Amar lo que se hace, descubrir lo que realmente se ama y perseguirlo sin pausa, no conformandose con sucedáneos. Un “yo mismo” que pugna por emerger y tiene un destino y un viaje, siempre proceloso, hasta ser descubierto. Pero que, al final, siempre se reconoce con gozo y eso da la fuerza consistente e imbatible que lleva al éxito. O al menos a una sensación personal de éxito, porque sin emoción no hay nada y ésta se escapa cuando no se tiene la sensación de haber elegido con autenticidad o no se corrige el error a tiempo, cuando pensamos que nos hemos equivocado en la elección y ya tenemos claro el objetivo. Las ideas humanistas del viejo Maslow, que vienen de mucho antes, siempre sobrevolando la condición humana para aportar un sentido al alcance de todos. Un gran coto de caza, por otra parte, para los charlatanes que gustan de tirar dardos a los corazones. Tan frágiles. Que muchas veces no sabe lo que quieren y terminan conformándose con cualquier cosa.

Porque siempre hace falta más valor, atreverse, soportar las presiones sociales, la culpa, la angustia. Es entonces cuando hay que recordar lo corta que es la vida, lo poco que hay que perder, lo que siempre estará perdido desde el principio. Recursos existenciales: atreverse a elegir lo que suponga crecimiento porque lo contrario es una muerte prematura que anticipa a la propia muerte al final del camino. Vivir es comprometerse. “Una vida no vivida es una enfermedad de la que se puede morir”, que decía Jung. El cuerpo dionisíaco frente al apolíneo. El eco de Paul Goodman, de la Gestalt de Pearls, de lo transpersonal que tanto atraía a Jobs. El fuego del refugio sagrado de las emociones otra vez. Quizá la dopamina.

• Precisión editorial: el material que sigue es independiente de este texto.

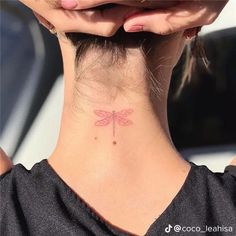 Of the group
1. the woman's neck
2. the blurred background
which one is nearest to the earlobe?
the woman's neck

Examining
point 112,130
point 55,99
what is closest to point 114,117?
point 112,130

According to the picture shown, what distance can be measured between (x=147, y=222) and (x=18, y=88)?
0.94 metres

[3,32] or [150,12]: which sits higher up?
[3,32]

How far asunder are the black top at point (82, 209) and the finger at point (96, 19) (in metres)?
0.33

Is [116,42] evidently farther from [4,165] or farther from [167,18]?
[4,165]

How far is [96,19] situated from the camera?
3.05ft

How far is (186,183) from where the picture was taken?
1.09m

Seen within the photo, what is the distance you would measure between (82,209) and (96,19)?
1.24ft

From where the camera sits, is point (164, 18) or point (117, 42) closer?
point (164, 18)

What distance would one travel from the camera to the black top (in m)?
1.03

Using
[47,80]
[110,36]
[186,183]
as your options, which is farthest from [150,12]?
[47,80]

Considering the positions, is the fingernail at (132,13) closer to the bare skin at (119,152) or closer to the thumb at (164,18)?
the thumb at (164,18)

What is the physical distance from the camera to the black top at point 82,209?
1.03m

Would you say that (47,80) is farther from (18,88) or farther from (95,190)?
(95,190) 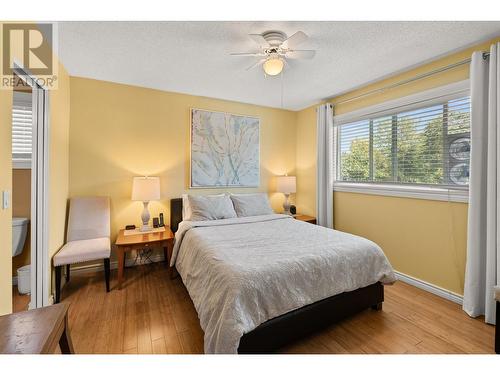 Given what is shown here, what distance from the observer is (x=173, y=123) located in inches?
130

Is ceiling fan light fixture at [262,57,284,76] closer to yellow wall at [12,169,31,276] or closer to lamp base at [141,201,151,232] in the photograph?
lamp base at [141,201,151,232]

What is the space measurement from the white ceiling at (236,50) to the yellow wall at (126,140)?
0.21 meters

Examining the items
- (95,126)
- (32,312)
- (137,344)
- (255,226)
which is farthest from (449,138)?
(95,126)

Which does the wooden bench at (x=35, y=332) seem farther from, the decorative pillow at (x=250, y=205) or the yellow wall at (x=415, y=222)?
the yellow wall at (x=415, y=222)

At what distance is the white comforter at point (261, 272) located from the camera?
1401 mm

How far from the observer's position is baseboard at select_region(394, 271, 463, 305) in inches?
88.5

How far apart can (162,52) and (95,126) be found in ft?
4.66

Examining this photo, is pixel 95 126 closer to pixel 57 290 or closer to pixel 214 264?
pixel 57 290

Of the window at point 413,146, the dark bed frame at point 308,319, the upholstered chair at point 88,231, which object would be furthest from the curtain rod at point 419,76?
the upholstered chair at point 88,231

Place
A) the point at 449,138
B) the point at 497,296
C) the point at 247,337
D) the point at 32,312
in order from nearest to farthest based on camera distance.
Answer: the point at 32,312 → the point at 247,337 → the point at 497,296 → the point at 449,138

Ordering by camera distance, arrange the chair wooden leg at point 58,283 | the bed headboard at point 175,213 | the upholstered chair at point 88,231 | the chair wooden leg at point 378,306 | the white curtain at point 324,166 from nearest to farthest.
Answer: the chair wooden leg at point 378,306 < the chair wooden leg at point 58,283 < the upholstered chair at point 88,231 < the bed headboard at point 175,213 < the white curtain at point 324,166

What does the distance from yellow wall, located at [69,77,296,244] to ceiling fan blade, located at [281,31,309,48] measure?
1.84m

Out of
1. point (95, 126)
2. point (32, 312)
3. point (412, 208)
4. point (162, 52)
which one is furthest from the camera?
point (95, 126)

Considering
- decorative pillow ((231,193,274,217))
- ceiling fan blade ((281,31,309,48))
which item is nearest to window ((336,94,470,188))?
decorative pillow ((231,193,274,217)) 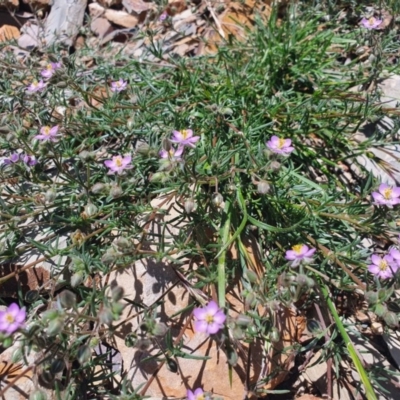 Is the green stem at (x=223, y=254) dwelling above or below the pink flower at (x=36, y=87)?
below

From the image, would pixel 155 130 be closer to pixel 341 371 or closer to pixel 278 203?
pixel 278 203

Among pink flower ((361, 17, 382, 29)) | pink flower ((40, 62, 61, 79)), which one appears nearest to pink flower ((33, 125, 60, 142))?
pink flower ((40, 62, 61, 79))

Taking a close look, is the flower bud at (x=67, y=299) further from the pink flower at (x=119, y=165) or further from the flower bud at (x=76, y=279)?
the pink flower at (x=119, y=165)

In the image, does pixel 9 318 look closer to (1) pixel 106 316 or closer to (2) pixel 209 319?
(1) pixel 106 316

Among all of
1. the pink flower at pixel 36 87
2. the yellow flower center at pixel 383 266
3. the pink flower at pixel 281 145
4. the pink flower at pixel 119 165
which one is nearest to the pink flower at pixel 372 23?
the pink flower at pixel 281 145

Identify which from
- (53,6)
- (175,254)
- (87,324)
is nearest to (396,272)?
(175,254) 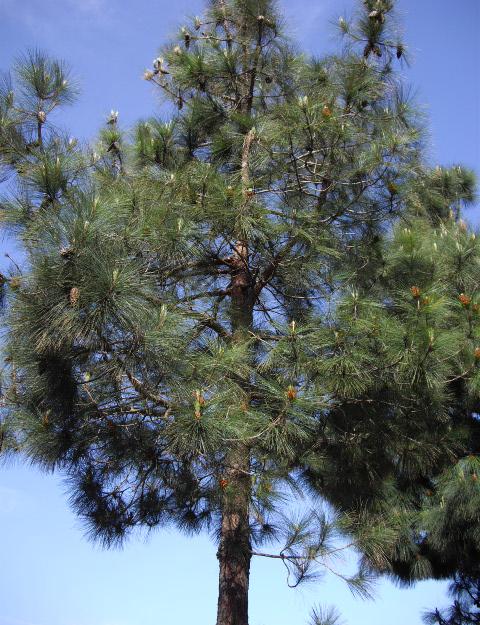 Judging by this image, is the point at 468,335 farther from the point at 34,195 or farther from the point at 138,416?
the point at 34,195

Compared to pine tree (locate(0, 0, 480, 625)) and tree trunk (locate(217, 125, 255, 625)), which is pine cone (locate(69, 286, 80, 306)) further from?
tree trunk (locate(217, 125, 255, 625))

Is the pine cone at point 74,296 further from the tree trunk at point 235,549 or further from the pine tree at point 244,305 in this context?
the tree trunk at point 235,549

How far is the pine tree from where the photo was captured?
3.37m

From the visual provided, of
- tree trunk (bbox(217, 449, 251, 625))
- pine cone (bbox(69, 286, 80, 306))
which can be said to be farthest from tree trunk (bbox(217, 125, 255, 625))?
pine cone (bbox(69, 286, 80, 306))

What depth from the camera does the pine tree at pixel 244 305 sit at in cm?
337

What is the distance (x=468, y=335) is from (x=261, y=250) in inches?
57.3

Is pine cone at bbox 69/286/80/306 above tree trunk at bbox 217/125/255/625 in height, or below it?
above

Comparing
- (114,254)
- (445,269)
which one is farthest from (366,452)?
(114,254)

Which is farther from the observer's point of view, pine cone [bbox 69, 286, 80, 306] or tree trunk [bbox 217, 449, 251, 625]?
tree trunk [bbox 217, 449, 251, 625]

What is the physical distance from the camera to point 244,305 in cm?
489

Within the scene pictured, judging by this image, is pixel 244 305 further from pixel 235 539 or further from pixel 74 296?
pixel 74 296

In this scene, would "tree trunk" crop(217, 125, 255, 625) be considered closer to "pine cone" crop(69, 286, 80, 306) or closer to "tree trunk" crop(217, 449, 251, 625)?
"tree trunk" crop(217, 449, 251, 625)

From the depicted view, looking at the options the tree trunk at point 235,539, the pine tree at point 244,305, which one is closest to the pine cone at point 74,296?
the pine tree at point 244,305

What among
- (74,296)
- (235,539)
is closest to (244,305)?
(235,539)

Vivir una vida que nadie puede enseñar a vivir. Ni siquiera la universidad o cualquier forma de conocimiento reglado, ni leer el periódico cada día. Incluso eso puede alejar de lo cierto y sólo sirve si es electivo, utilizado de forma autodidacta, destilado a través de una personalidad que se asume como única y de alguna forma como indomable. Una vida siempre incierta, impredecible, amenazada por el “empirismo ingenuo”, por la tendencia a prestar sólo atención a los datos que confirman nuestra visión del mundo, la que tanta pereza nos da cambiar, siempre pegajosa de emociones que creemos tan verdaderas. Quizá sólo dejarse llevar por el hambre, por la locura creativa, aquel anuncio, el gran Jobs y quizá sólo su propaganda o quizá el secreto de su éxito. Quien sabe. El error de Descartes que decía Damasio.

Y sin embargo los “Cisnes negros“, sucesos raros, que producen gran impacto en la realidad y a los que inventamos explicaciones después, cuando ya no sirven para nada, sólo para volver a vendarnos los ojos. La impredecibilidad esencial que hace trizas todos los relatos de orden que sin embargo precisamos tanto y que también operan de forma variable, no con las mismas probabilidades. Como las profecías autocumplidoras.

Todo eso y hay que tirarse a la piscina. Es verano. Y hay que tirarse a la piscina.